Exercise goal:
Reproduce exactly the entries from the "急速出荷 秋冬の暖かい寝具用プラッシュミルクフラワー4点セット 200*230cm_画像2" line to the end. Skip all pictures.

▶

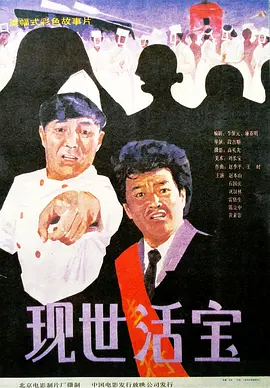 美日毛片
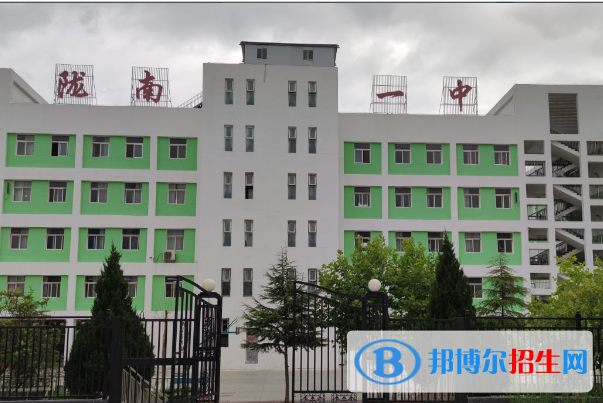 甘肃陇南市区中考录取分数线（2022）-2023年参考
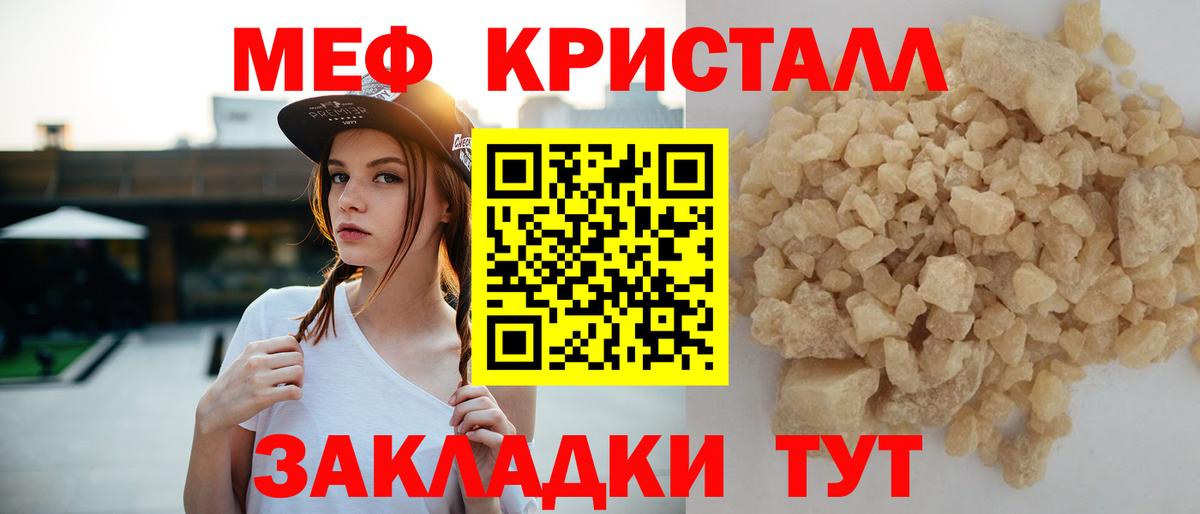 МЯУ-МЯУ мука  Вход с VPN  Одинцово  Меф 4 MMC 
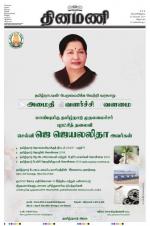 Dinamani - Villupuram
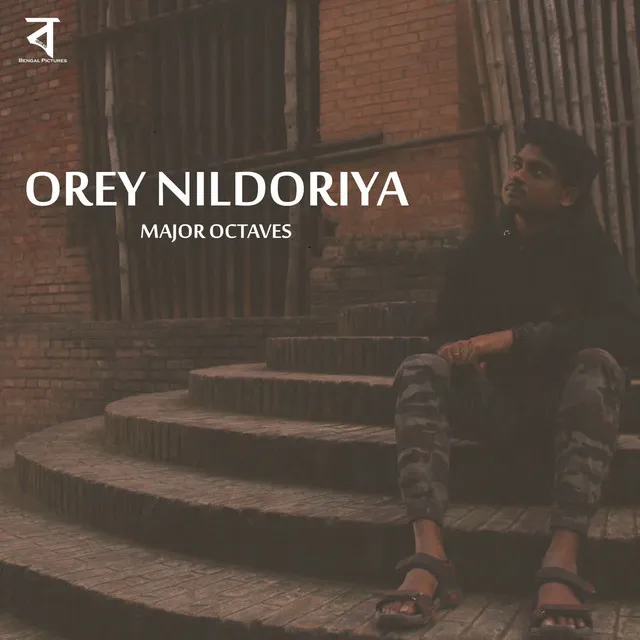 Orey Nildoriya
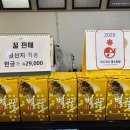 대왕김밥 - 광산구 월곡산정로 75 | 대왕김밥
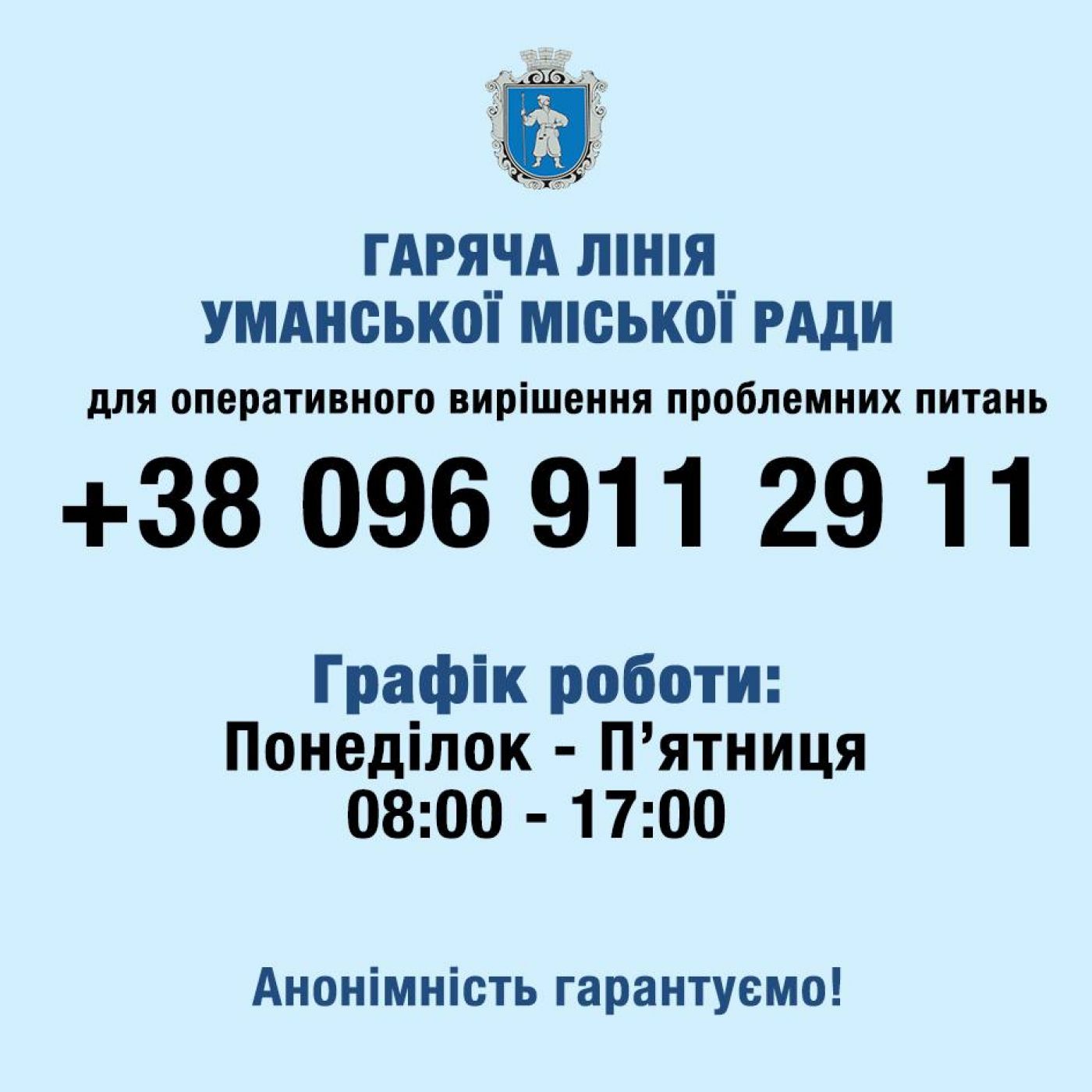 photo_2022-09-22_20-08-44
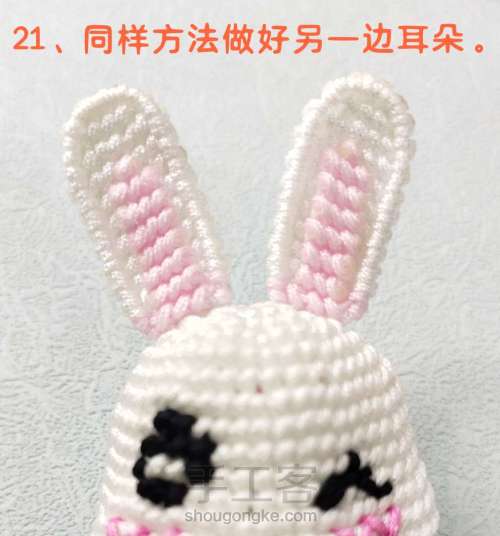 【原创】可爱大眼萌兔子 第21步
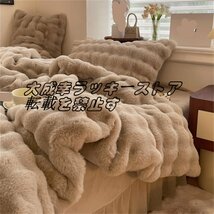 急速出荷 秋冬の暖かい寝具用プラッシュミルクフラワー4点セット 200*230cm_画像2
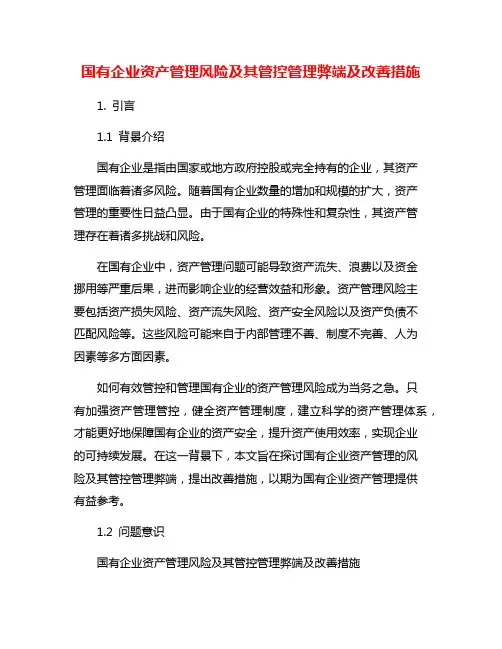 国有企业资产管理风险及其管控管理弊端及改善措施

◀

Final answer:
 急速出荷 秋冬の暖かい寝具用プラッシュミルクフラワー4点セット 200*230cm_画像2
 国有企业资产管理风险及其管控管理弊端及改善措施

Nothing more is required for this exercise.